■ **MATERIAL SUPPLIED**

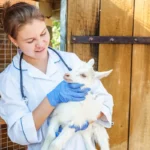 Alternance soigneur animalier : Le parcours complet pour devenir expert du bien-être animal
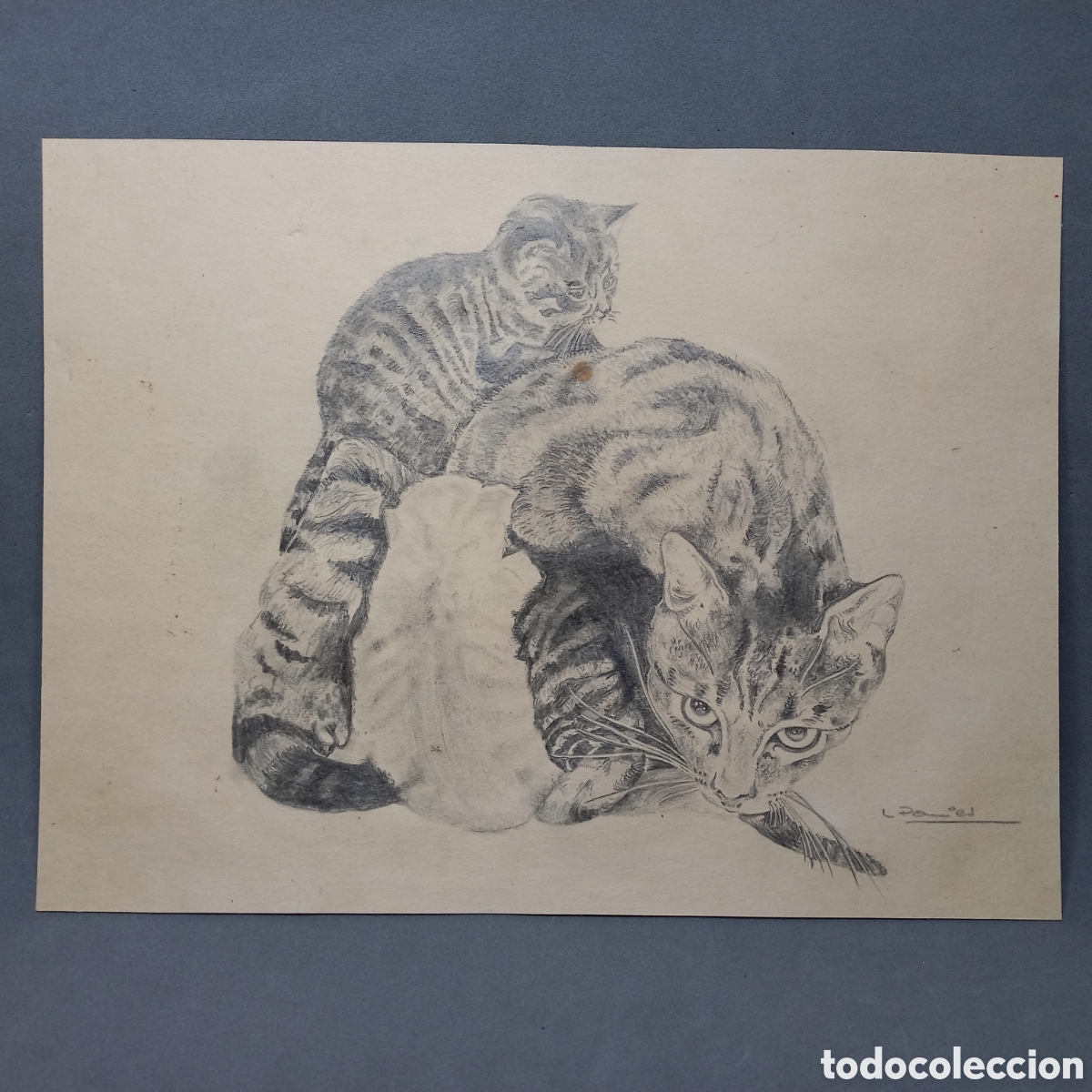 gatos. gata amamantando a la camada. dibujo a c - Acquista Disegni  contemporanei del XX secolo su todocoleccion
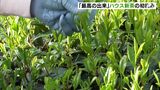 「最高の出来になっている」静岡県内トップきり　ハウス茶園で新茶の初摘み＝静岡・島田市|TBS NEWS DIG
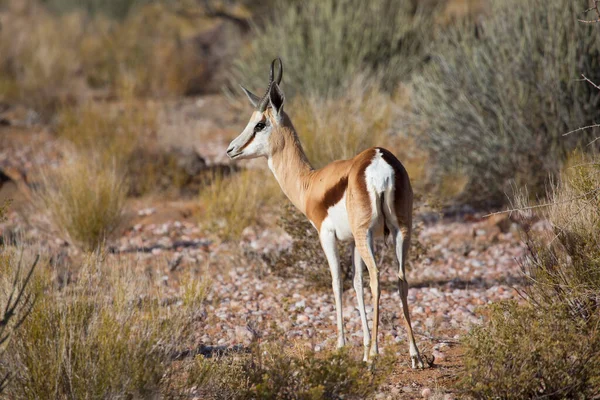 Springbock Antidorcas Marsupialis Wandern Und Weiden Auf Den Trockenen Wiesen — Stockfoto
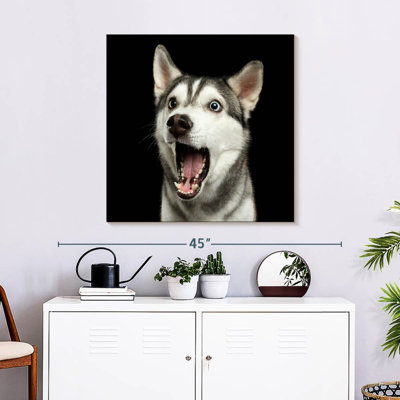 Brampt Surprised Siberian Husky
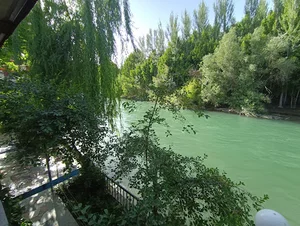محله اردال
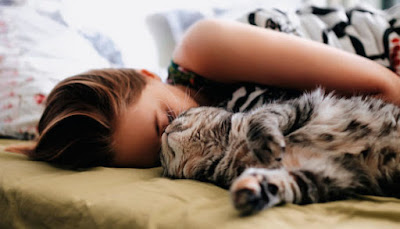 Dormir con su gato: ¿una buena idea?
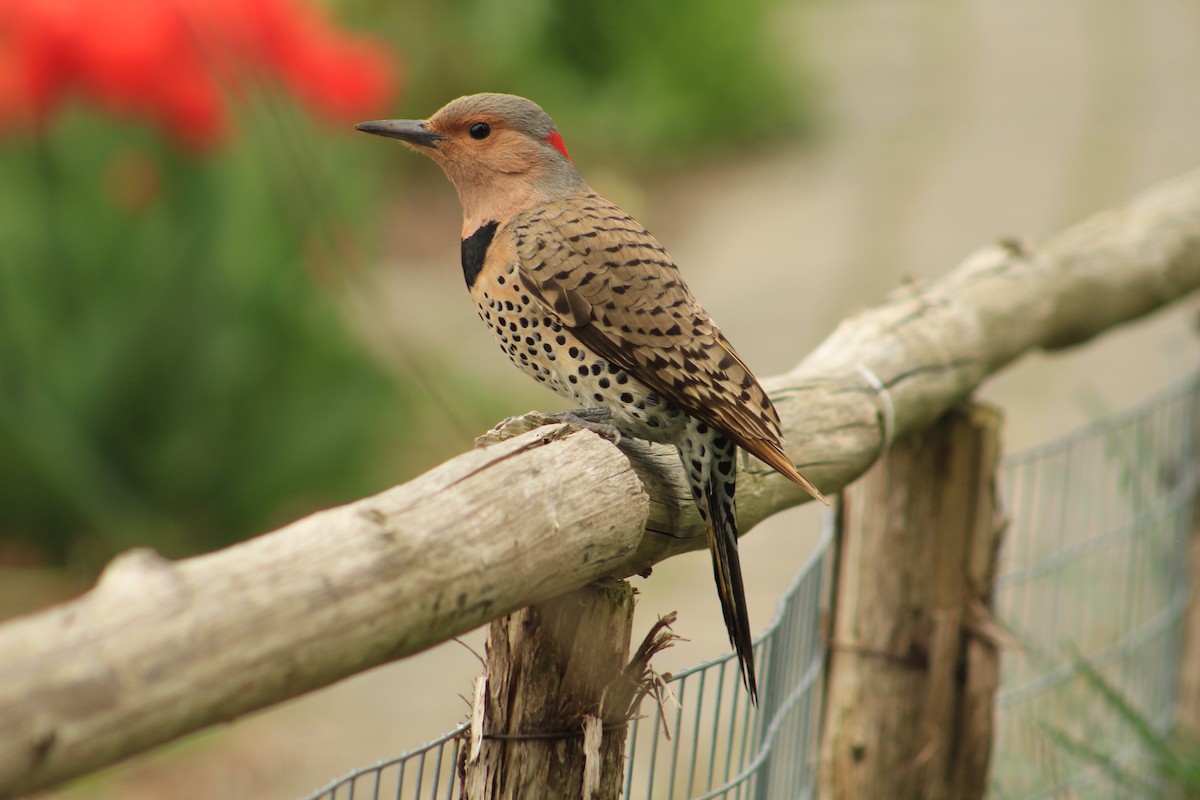 Northern Flicker - ML617623848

■ **ACTIVITY**
Reproduce the data verbatim. Do not carry any picture into the copy.

■ **TASK ANSWER**
 Alternance soigneur animalier : Le parcours complet pour devenir expert du bien-être animal
 gatos. gata amamantando a la camada. dibujo a c - Acquista Disegni  contemporanei del XX secolo su todocoleccion
 「最高の出来になっている」静岡県内トップきり　ハウス茶園で新茶の初摘み＝静岡・島田市|TBS NEWS DIG
 Springbock Antidorcas Marsupialis Wandern Und Weiden Auf Den Trockenen Wiesen — Stockfoto
 Brampt Surprised Siberian Husky
محله اردال
 Dormir con su gato: ¿una buena idea?
 Northern Flicker - ML617623848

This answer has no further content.